Print exactly what appears from the line containing "Ange-Yoan Bonny, Andy" through the final line of the data below, pictures excluded.

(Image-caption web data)
++++++++++++++++++++

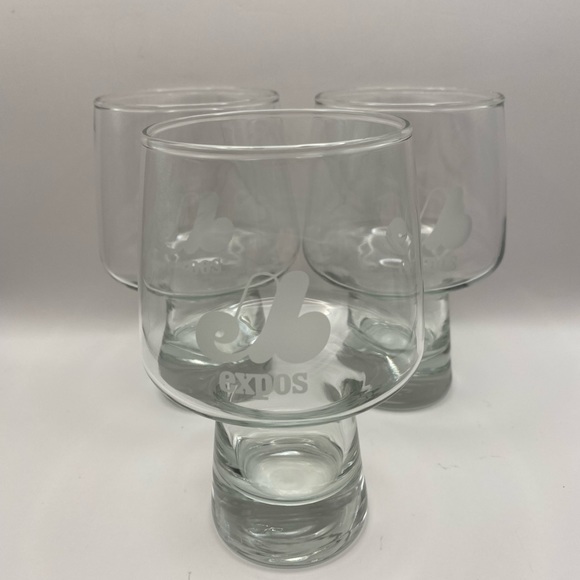 COPY - vintage Montreal Expos baseball beer glasses. 16oz Libby beer glasses.… - Picture 9 of 11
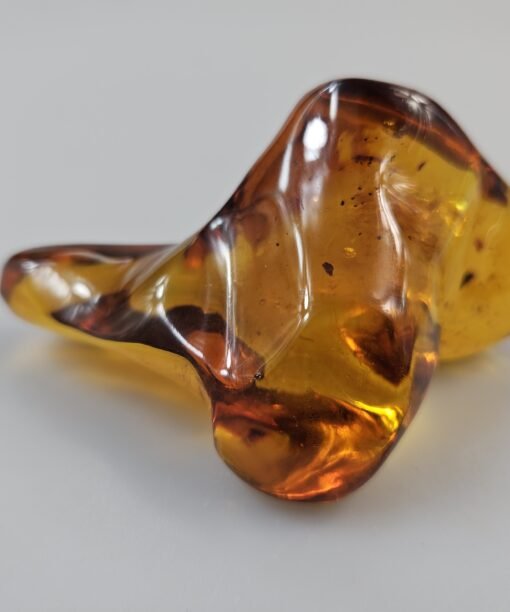 46,429 gr Size 7,9 x 3,5 x 2,6 cm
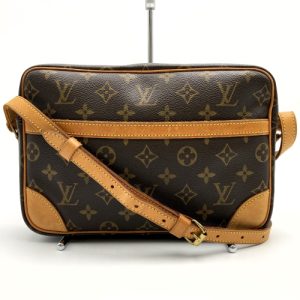 itqdgn0l3st8 3 Louis Vuitton Saumur 30 Shoulder Bag M42256 Brown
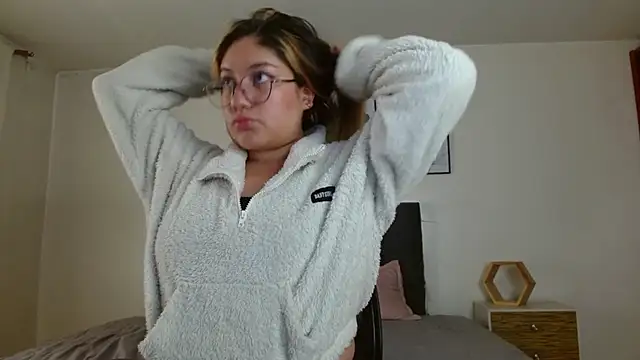Snapshot of samanthachop chatting on June 3, 2026, 1:34 pm samanthachop online show from June 3, 2026, 1:34 pm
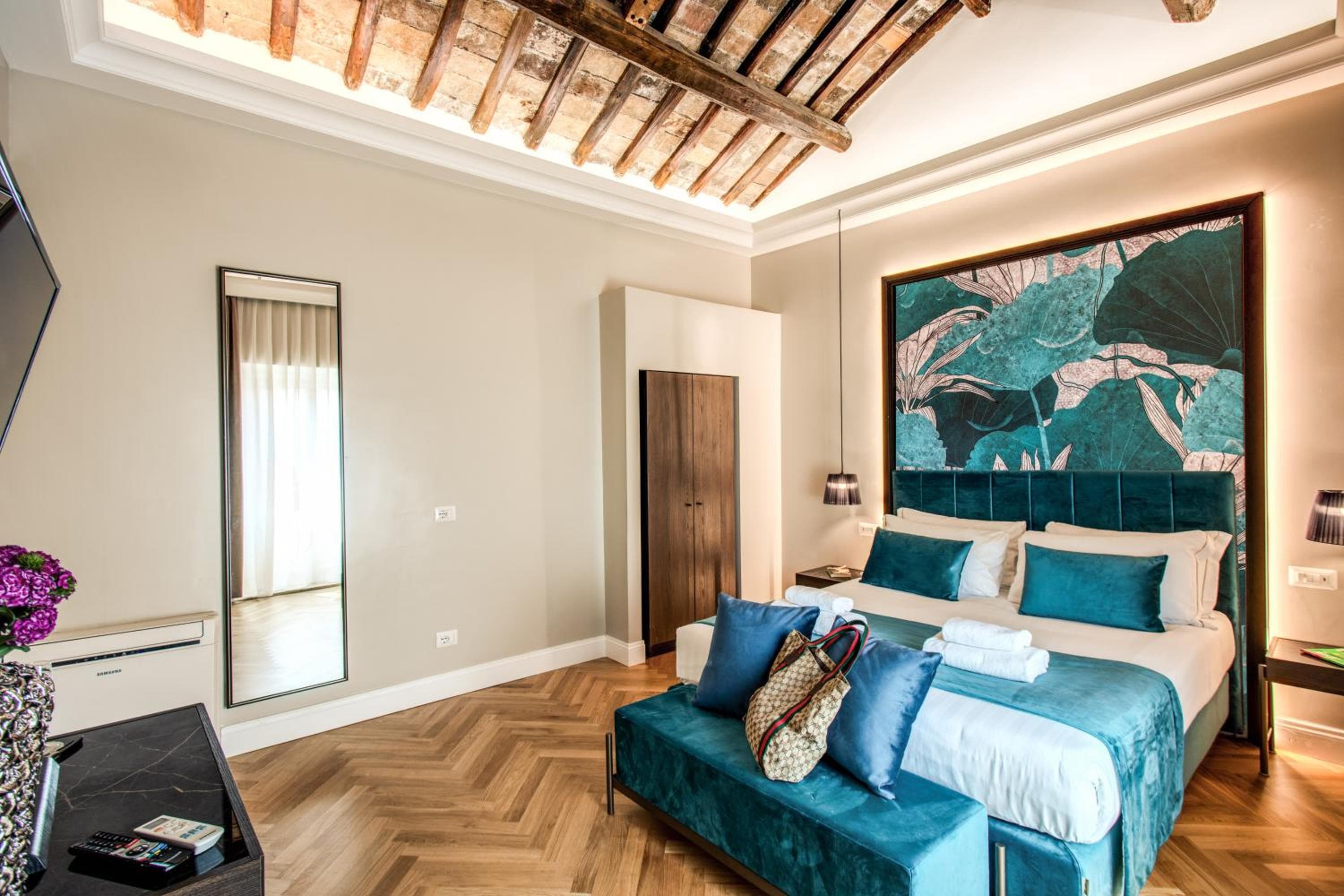 Hotel 55 Fifty-Five - Maison d'Art Collection — 12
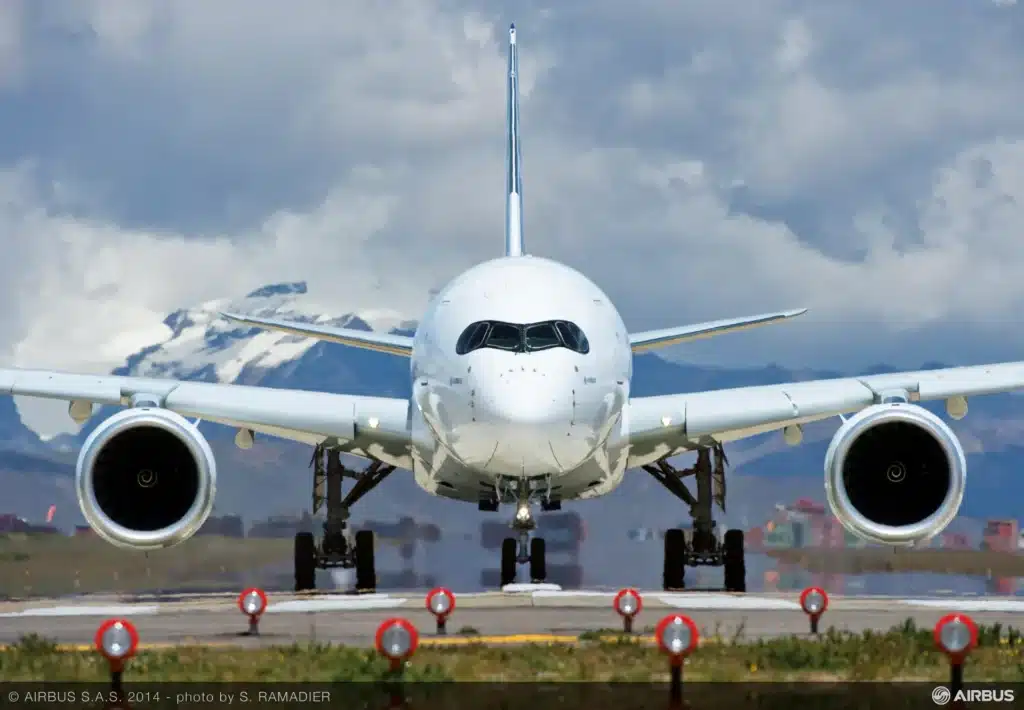 Boeing 787-10 vs Airbus A350-1000 (2026): The Widebody Battle - Range, Fuel Burn & Price Compared 2 A350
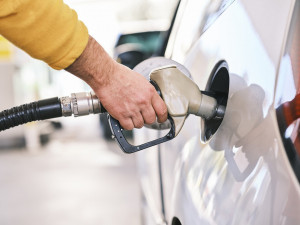 Cena benzinu dál stoupá na nová maxima. Připlatíme si i za naftu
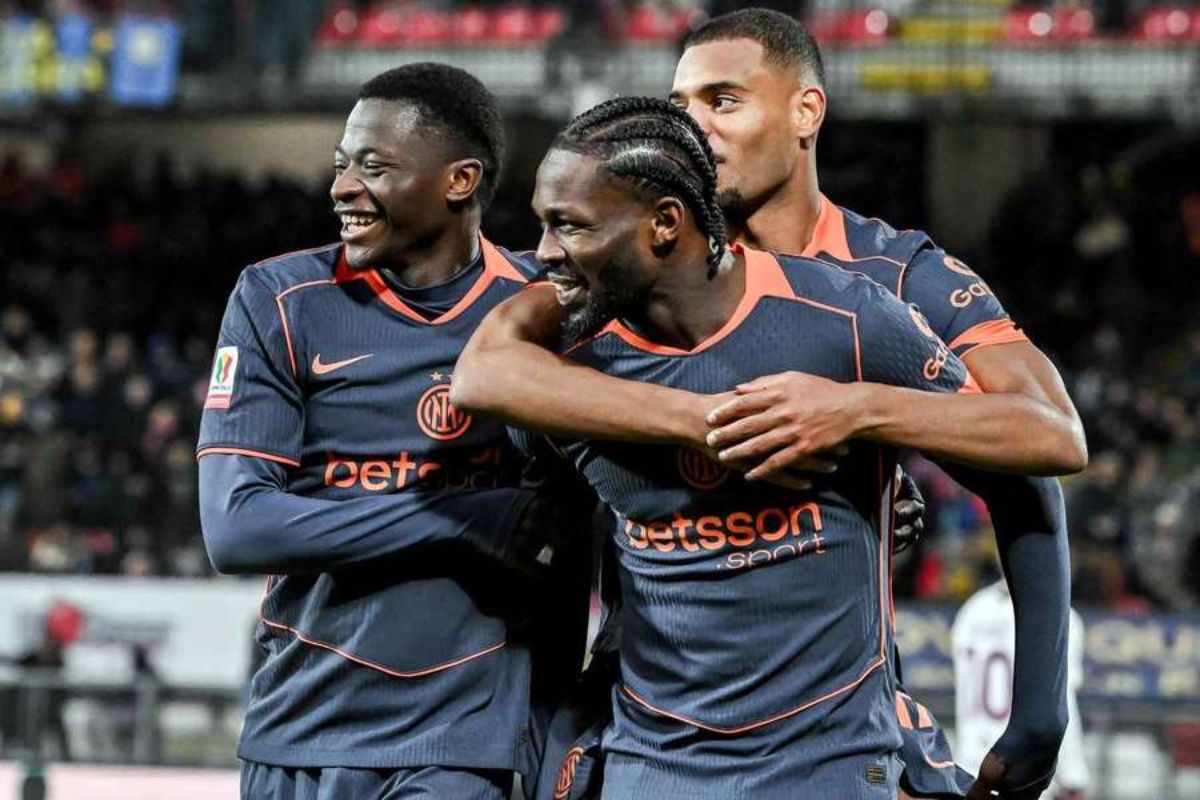 Ange-Yoan Bonny, Andy Diouf e Marcus Thuram comemorando um dos gols da Inter de Milão na vitória sobre o Torino, pela Copa da Itália 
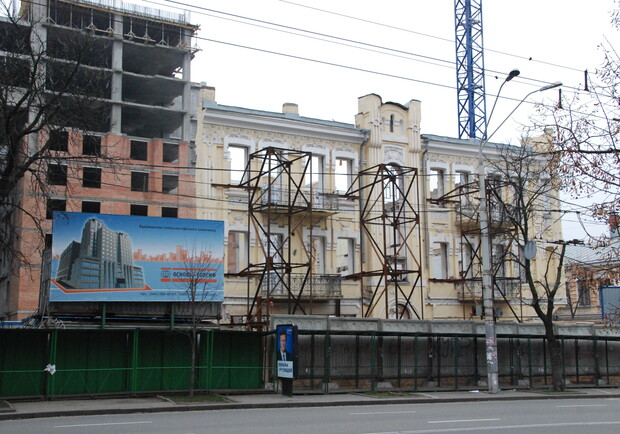 Весна пришла и на улицы Киева - их будут ремонтировать. Фото Николая Лещука.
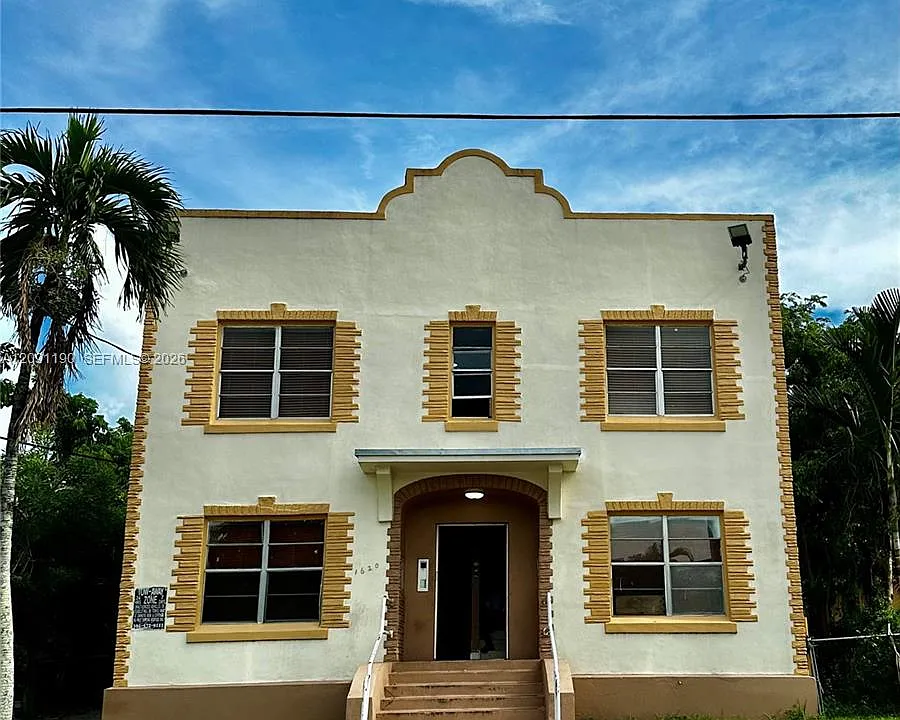 1620 NW 3rd St #5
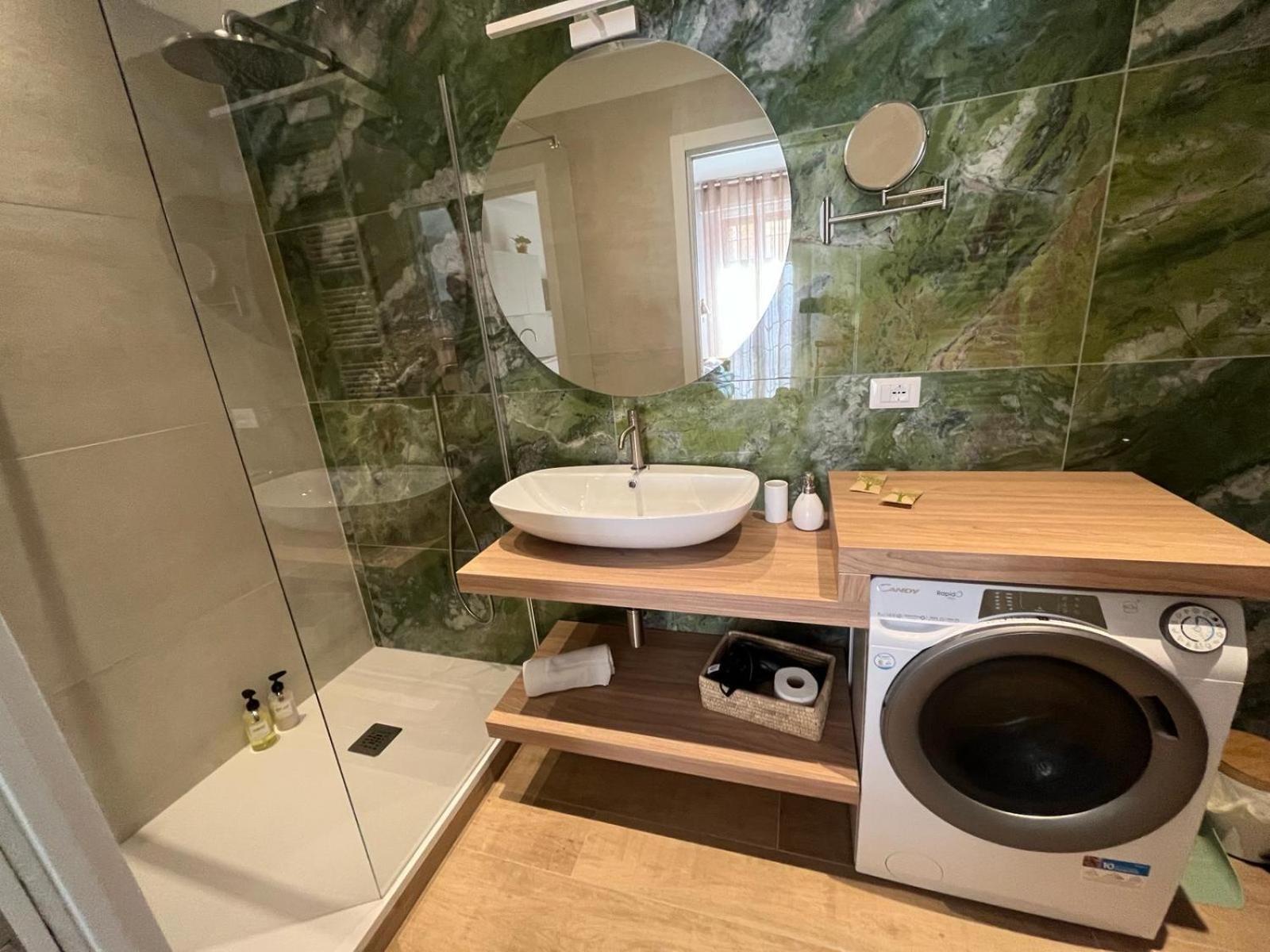 Calari Rooms - Monolocale Bologna Luaran gambar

++++++++++++++++++++

Result of this exercise:
 Ange-Yoan Bonny, Andy Diouf e Marcus Thuram comemorando um dos gols da Inter de Milão na vitória sobre o Torino, pela Copa da Itália 
 Весна пришла и на улицы Киева - их будут ремонтировать. Фото Николая Лещука.
 1620 NW 3rd St #5
 Calari Rooms - Monolocale Bologna Luaran gambar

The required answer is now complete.